REQUIREMENT: Pictures are to be left out, and only the lines from the one containing "250 Morro St, Oakville, CT 06779" through the last line of the data are to be returned exactly.

STORED DATA:
>>>>>

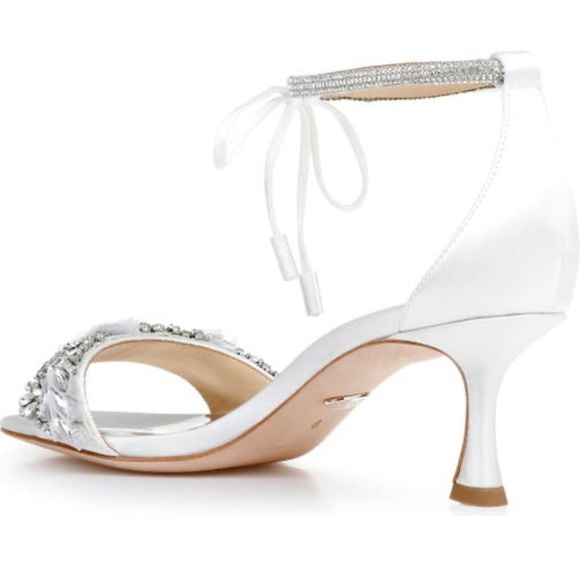 Badgley Mischka blossom satin ankle strap kitten heel NIB - Picture 2 of 6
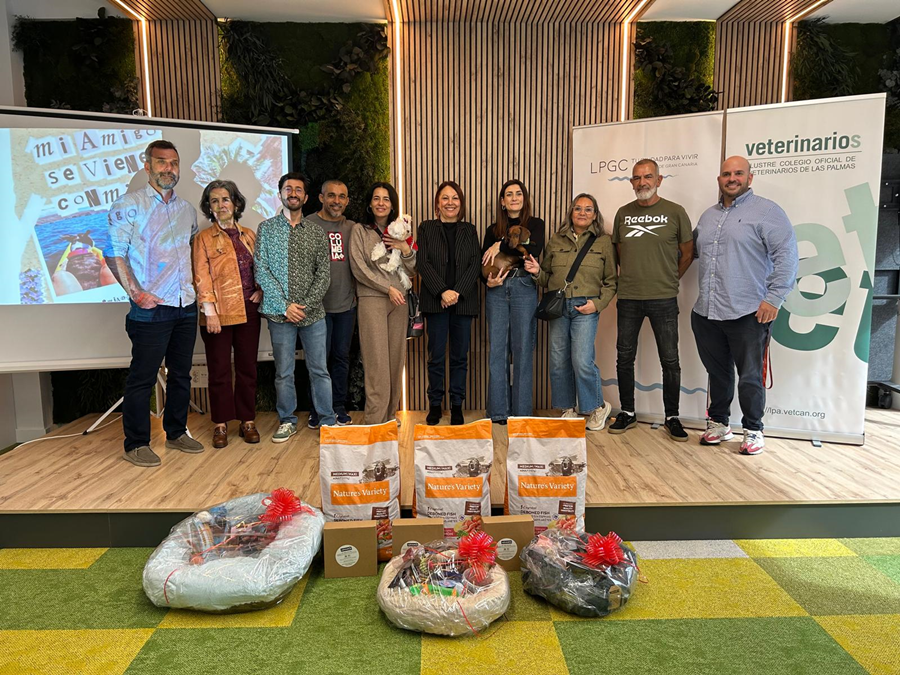 El Ayuntamiento y el Colegio de Veterinarios entregan los premios del Concurso de Fotografía 'Mi amigo se viene conmigo'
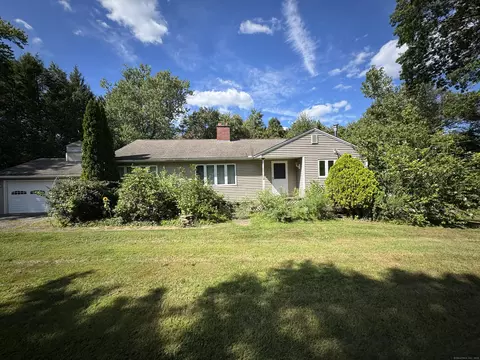 250 Morro St, Oakville, CT 06779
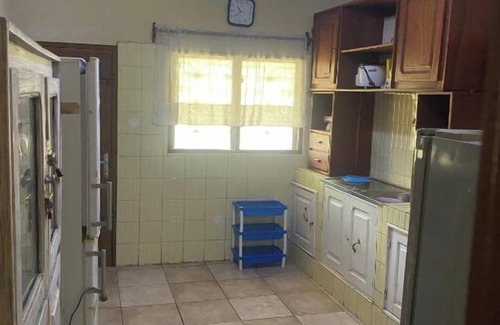 Ouidah House | Room OR Suite OR Villa rentals Pahou-Ouidah. Close to tourist attractions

<<<<<

WRITTEN SOLUTION:
 250 Morro St, Oakville, CT 06779
 Ouidah House | Room OR Suite OR Villa rentals Pahou-Ouidah. Close to tourist attractions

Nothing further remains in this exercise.